*Your task*.
Set down each entry from the block beneath, exactly as written.

*Data supplied*.
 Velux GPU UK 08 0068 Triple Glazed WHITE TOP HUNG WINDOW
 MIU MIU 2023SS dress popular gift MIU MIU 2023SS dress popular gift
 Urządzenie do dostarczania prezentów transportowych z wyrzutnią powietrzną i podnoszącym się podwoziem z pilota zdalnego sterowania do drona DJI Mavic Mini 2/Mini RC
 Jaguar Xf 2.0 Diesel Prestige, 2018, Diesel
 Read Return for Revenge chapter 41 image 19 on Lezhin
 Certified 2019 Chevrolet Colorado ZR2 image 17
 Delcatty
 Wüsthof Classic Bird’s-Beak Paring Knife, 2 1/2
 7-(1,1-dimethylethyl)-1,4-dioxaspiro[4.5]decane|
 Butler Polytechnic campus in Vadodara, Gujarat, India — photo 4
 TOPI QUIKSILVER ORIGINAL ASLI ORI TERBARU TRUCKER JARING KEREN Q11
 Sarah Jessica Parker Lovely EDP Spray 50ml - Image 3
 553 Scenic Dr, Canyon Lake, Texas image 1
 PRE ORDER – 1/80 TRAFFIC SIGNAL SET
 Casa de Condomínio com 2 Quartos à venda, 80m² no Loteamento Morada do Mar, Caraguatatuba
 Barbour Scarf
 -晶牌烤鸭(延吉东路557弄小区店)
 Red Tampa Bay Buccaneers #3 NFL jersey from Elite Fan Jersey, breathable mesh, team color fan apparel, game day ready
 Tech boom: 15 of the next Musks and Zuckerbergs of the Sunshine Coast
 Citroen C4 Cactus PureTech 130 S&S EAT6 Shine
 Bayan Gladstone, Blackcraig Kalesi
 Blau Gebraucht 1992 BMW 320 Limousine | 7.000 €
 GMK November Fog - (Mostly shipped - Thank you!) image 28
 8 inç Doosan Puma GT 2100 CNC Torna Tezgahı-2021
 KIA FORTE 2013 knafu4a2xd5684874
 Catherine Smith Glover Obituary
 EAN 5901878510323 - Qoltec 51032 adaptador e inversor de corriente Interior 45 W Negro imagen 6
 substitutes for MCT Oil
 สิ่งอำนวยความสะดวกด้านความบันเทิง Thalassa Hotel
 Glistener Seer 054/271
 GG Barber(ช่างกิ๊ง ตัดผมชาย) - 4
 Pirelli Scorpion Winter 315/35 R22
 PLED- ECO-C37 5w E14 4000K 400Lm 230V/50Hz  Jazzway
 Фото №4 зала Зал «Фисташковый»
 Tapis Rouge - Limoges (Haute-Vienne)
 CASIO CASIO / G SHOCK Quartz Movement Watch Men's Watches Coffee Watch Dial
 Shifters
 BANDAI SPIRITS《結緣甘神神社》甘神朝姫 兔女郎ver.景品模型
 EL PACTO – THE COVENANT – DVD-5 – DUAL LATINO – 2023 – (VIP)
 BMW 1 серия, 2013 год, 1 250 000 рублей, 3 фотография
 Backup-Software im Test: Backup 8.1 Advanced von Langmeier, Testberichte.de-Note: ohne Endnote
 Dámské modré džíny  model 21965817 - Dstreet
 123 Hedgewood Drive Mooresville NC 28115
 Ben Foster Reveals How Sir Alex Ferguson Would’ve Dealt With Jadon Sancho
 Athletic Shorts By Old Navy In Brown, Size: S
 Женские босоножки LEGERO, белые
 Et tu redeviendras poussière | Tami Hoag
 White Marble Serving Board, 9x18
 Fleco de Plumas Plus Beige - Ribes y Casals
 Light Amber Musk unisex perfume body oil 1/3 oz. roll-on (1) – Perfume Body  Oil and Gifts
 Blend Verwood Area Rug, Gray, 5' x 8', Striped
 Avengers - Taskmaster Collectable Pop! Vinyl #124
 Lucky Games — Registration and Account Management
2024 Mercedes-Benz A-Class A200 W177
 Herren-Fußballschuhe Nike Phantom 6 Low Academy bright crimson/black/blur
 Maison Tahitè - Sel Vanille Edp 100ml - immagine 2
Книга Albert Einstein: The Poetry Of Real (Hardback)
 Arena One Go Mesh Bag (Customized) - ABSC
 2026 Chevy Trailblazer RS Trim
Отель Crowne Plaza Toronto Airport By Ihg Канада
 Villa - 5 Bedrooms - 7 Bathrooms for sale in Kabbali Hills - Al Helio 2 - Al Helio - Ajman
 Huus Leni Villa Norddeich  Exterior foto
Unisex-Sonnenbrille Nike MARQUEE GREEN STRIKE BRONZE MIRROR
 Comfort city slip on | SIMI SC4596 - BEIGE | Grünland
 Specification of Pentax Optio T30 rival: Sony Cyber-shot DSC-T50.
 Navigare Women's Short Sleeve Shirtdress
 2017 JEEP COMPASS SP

*Exercise solution*.
 Velux GPU UK 08 0068 Triple Glazed WHITE TOP HUNG WINDOW
 MIU MIU 2023SS dress popular gift MIU MIU 2023SS dress popular gift
 Urządzenie do dostarczania prezentów transportowych z wyrzutnią powietrzną i podnoszącym się podwoziem z pilota zdalnego sterowania do drona DJI Mavic Mini 2/Mini RC
 Jaguar Xf 2.0 Diesel Prestige, 2018, Diesel
 Read Return for Revenge chapter 41 image 19 on Lezhin
 Certified 2019 Chevrolet Colorado ZR2 image 17
 Delcatty
 Wüsthof Classic Bird’s-Beak Paring Knife, 2 1/2
 7-(1,1-dimethylethyl)-1,4-dioxaspiro[4.5]decane|
 Butler Polytechnic campus in Vadodara, Gujarat, India — photo 4
 TOPI QUIKSILVER ORIGINAL ASLI ORI TERBARU TRUCKER JARING KEREN Q11
 Sarah Jessica Parker Lovely EDP Spray 50ml - Image 3
 553 Scenic Dr, Canyon Lake, Texas image 1
 PRE ORDER – 1/80 TRAFFIC SIGNAL SET
 Casa de Condomínio com 2 Quartos à venda, 80m² no Loteamento Morada do Mar, Caraguatatuba
 Barbour Scarf
 -晶牌烤鸭(延吉东路557弄小区店)
 Red Tampa Bay Buccaneers #3 NFL jersey from Elite Fan Jersey, breathable mesh, team color fan apparel, game day ready
 Tech boom: 15 of the next Musks and Zuckerbergs of the Sunshine Coast
 Citroen C4 Cactus PureTech 130 S&S EAT6 Shine
 Bayan Gladstone, Blackcraig Kalesi
 Blau Gebraucht 1992 BMW 320 Limousine | 7.000 €
 GMK November Fog - (Mostly shipped - Thank you!) image 28
 8 inç Doosan Puma GT 2100 CNC Torna Tezgahı-2021
 KIA FORTE 2013 knafu4a2xd5684874
 Catherine Smith Glover Obituary
 EAN 5901878510323 - Qoltec 51032 adaptador e inversor de corriente Interior 45 W Negro imagen 6
 substitutes for MCT Oil
 สิ่งอำนวยความสะดวกด้านความบันเทิง Thalassa Hotel
 Glistener Seer 054/271
 GG Barber(ช่างกิ๊ง ตัดผมชาย) - 4
 Pirelli Scorpion Winter 315/35 R22
 PLED- ECO-C37 5w E14 4000K 400Lm 230V/50Hz  Jazzway
 Фото №4 зала Зал «Фисташковый»
 Tapis Rouge - Limoges (Haute-Vienne)
 CASIO CASIO / G SHOCK Quartz Movement Watch Men's Watches Coffee Watch Dial
 Shifters
 BANDAI SPIRITS《結緣甘神神社》甘神朝姫 兔女郎ver.景品模型
 EL PACTO – THE COVENANT – DVD-5 – DUAL LATINO – 2023 – (VIP)
 BMW 1 серия, 2013 год, 1 250 000 рублей, 3 фотография
 Backup-Software im Test: Backup 8.1 Advanced von Langmeier, Testberichte.de-Note: ohne Endnote
 Dámské modré džíny  model 21965817 - Dstreet
 123 Hedgewood Drive Mooresville NC 28115
 Ben Foster Reveals How Sir Alex Ferguson Would’ve Dealt With Jadon Sancho
 Athletic Shorts By Old Navy In Brown, Size: S
 Женские босоножки LEGERO, белые
 Et tu redeviendras poussière | Tami Hoag
 White Marble Serving Board, 9x18
 Fleco de Plumas Plus Beige - Ribes y Casals
 Light Amber Musk unisex perfume body oil 1/3 oz. roll-on (1) – Perfume Body  Oil and Gifts
 Blend Verwood Area Rug, Gray, 5' x 8', Striped
 Avengers - Taskmaster Collectable Pop! Vinyl #124
 Lucky Games — Registration and Account Management
2024 Mercedes-Benz A-Class A200 W177
 Herren-Fußballschuhe Nike Phantom 6 Low Academy bright crimson/black/blur
 Maison Tahitè - Sel Vanille Edp 100ml - immagine 2
Книга Albert Einstein: The Poetry Of Real (Hardback)
 Arena One Go Mesh Bag (Customized) - ABSC
 2026 Chevy Trailblazer RS Trim
Отель Crowne Plaza Toronto Airport By Ihg Канада
 Villa - 5 Bedrooms - 7 Bathrooms for sale in Kabbali Hills - Al Helio 2 - Al Helio - Ajman
 Huus Leni Villa Norddeich  Exterior foto
Unisex-Sonnenbrille Nike MARQUEE GREEN STRIKE BRONZE MIRROR
 Comfort city slip on | SIMI SC4596 - BEIGE | Grünland
 Specification of Pentax Optio T30 rival: Sony Cyber-shot DSC-T50.
 Navigare Women's Short Sleeve Shirtdress
 2017 JEEP COMPASS SP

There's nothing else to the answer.